Special Session 14  会议特别专题 14

Intelligent Target Tracking and Information Fusion

Description: The evolution of surveillance and situational awareness systems is entering a transformative phase, driven by the convergence of artificial intelligence, advanced sensor fusion, and autonomous networking. This special session focuses on the core technologies enabling the next generation of intelligent perception systems, which must deliver persistent, accurate, and robust tracking in increasingly complex, dynamic, and contested environments. Moving beyond traditional single-sensor, single-target paradigms, the future lies in seamlessly integrating heterogeneous data streams and enabling collaborative reasoning across distributed platforms.

The design and implementation of such intelligent tracking and fusion systems present fundamental research challenges that require a holistic approach. Below, we highlight the critical motivations and technological imperatives driving this field:
(1) The AI Revolution in Target Tracking: Classical tracking algorithms often struggle with complex target behaviors, dense clutter, and occlusions. The integration of machine learning and deep learning offers a paradigm shift, enabling predictive tracking, adaptive model learning, and sophisticated behavior recognition.
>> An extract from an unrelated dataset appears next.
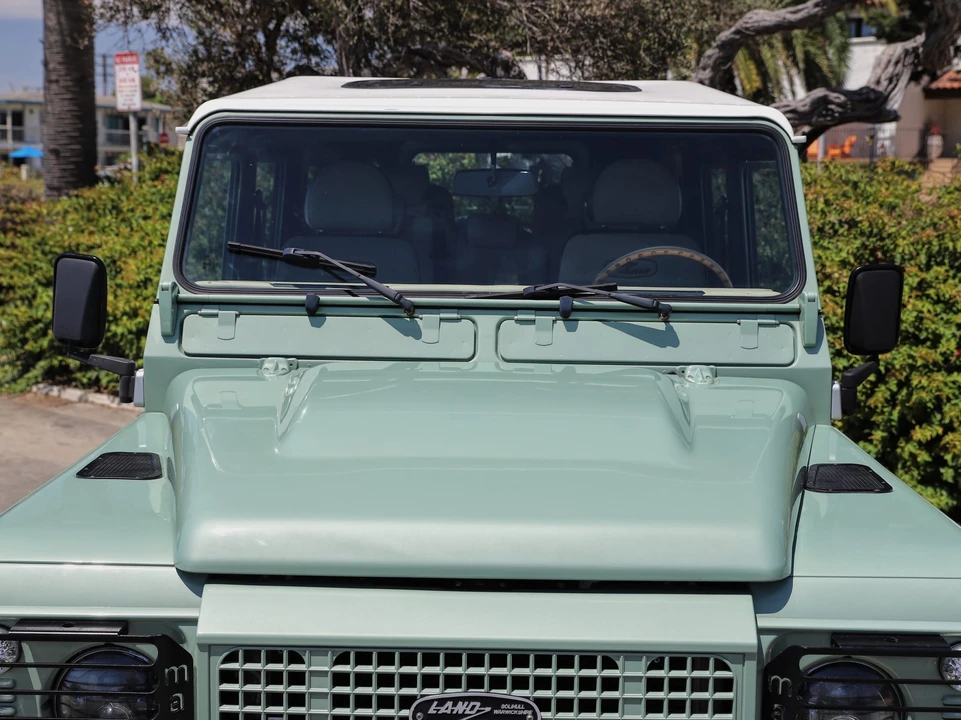 1984 Land Rover Defender 110 - Image 17 of 31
Research into AI-driven filters, reinforcement learning for decision-making, and end-to-end learning frameworks is crucial to achieving the required levels of autonomy and robustness.
(2) The Imperative of Multimodal Large Model Fusion: Modern systems employ a diverse array of sensors (e.g., radar, EO/IR, LiDAR, SIGINT, acoustic). The key challenge is no longer just data association but semantic-level fusion. Leveraging large foundation models to create a unified, contextual understanding from multimodal, heterogeneous data streams is a frontier research area. This enables higher-level inference, intent prediction, and significantly enhanced situational awareness beyond simple kinematic fusion.
(3) The Shift to Distributed Autonomous Cooperative Surveillance: Centralized architectures are vulnerable and lack scalability. The future is in decentralized networks of autonomous agents (UAVs, ground robots, static sensors) that collaboratively perceive, track, and share information. This demands breakthroughs in distributed consensus algorithms, communication-efficient data fusion, resource-aware task allocation, and swarm intelligence to achieve resilient and scalable collaborative surveillance.
(4) The Emergence of Embodied AI and Multi-Sensor Fusion: For autonomous systems like robots and intelligent vehicles to operate effectively in the physical world, perception must be tightly coupled with action. Embodied AI research focuses on how agents learn through interaction with their environment. Multi-sensor fusion in this context is critical for building robust embodied perception, enabling real-time understanding, navigation, and manipulation in unstructured settings. This theme explores the synergy between sensor fusion algorithms and embodied intelligence for next-generation autonomous systems.
(5) Addressing the Critical Challenge of Low-Slow-Small (LSS) Targets: Drones, birds, and ultralights pose a unique and persistent threat due to their small radar cross-section, low altitude, and slow speed. Detecting, classifying, and continuously tracking these elusive targets require specialized sensor modalities, novel signal processing techniques, and fusion strategies that can separate them from clutter and environmental noise. This domain tests the limits of current tracking and fusion technologies.
(6) The Drive for Real-Time, Trustworthy, and Explainable Systems: As systems become more autonomous, the need for real-time processing, system resilience against deception, and explainable AI outputs becomes paramount. Research into efficient algorithms for edge computing, adversarial robustness in fusion models, and interpretable decision-making processes is essential for deploying trustworthy systems in critical applications.
(7) Global Research Synergy and Application Pull: This field sits at the intersection of signal processing, control theory, robotics, computer vision, and machine learning. There is strong synergy with global efforts in autonomous systems, smart cities, perimeter security, and airspace management. The session aligns with these expansive research currents, aiming to bridge theoretical advancements with pressing practical needs.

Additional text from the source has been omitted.